The usual conclusion of these analyses is that markets need to be regulated, and the excesses of free market capitalism need to be corrected by laws, and oversight, usually by public sector regulators.

While it is important, indeed essential, that the many lessons of the credit crisis are learnt. (and they are, on a daily basis, by the private sector and central bankers), it is also to be fervently hoped that kneejerk, siren calls for more, and inappropriate regulation are not heeded. For if that happens, the serious monetary and economic problems arising from the credit crisis will be exacerbated - perhaps dangerously so.

It is also the case that inappropriate regulatory moves as a result of the credit crisis within certain jurisdictions, while not shared by other competing jurisdictions, will run the risk of making those jurisdictions uncompetitive relative to others.

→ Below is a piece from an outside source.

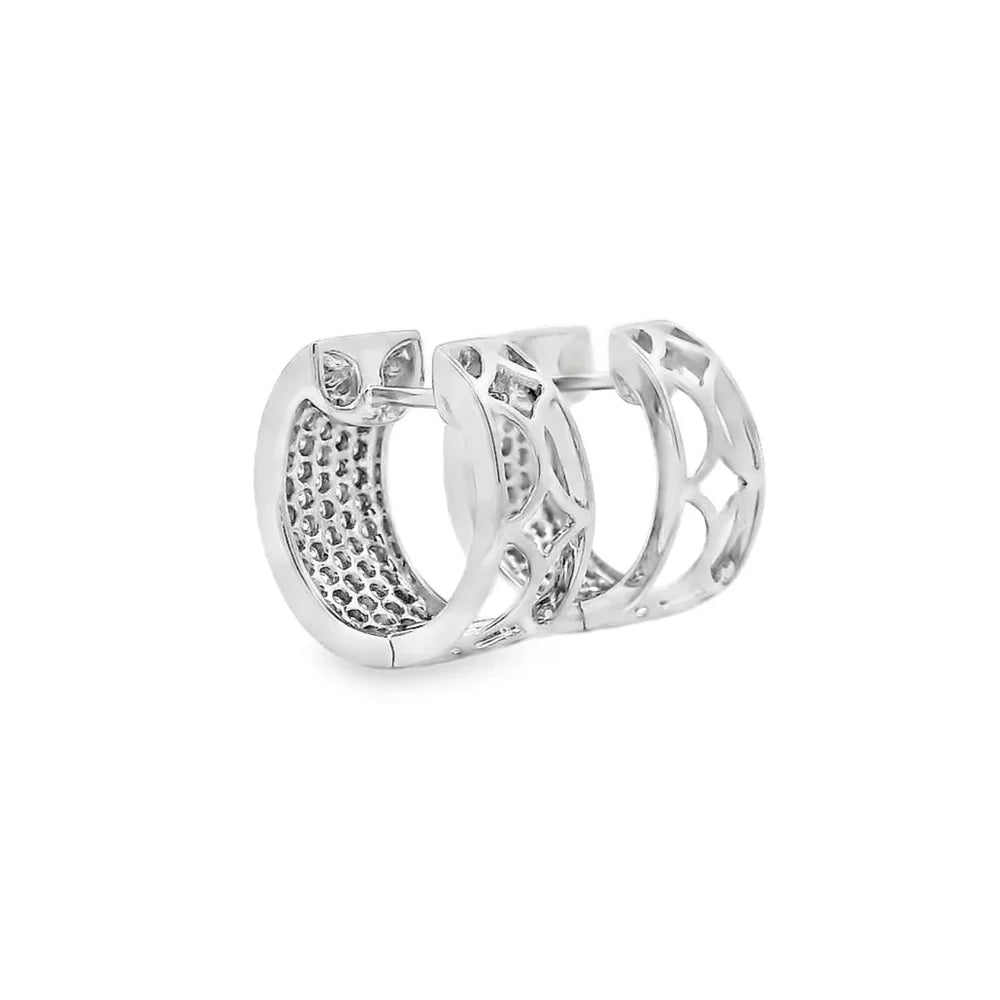 Pair of 18K White Gold Pave Diamond Hoop Earrings – 1.00 Carat Sparkling Hoops on a white background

In that context it has been encouraging to see both the EU’s Commissioner for the Internal Market, Charlie McCreevy, and SEC Commissioner Paul Atkins reaffirm their commitment to the principles of “better regulation”, rather than “more regulation”,
as both have done in Dublin this summer, at the Finance Dublin conference, and in these columns.

It will be important though, that in moves to maintain the balance between better and more regulation in relation to moves resulting from the credit crisis (e.g. The EU proposal to establish an oversight and registration regime for credit rating agencies, and ideas on stipulating the form of securitised vehicles EU credit institutions can invest in) do not run the risk of making Europe uncompetitive in a global context as a location for investment in securitisation (which happens to be an important IFSC, not to mention EU, sector).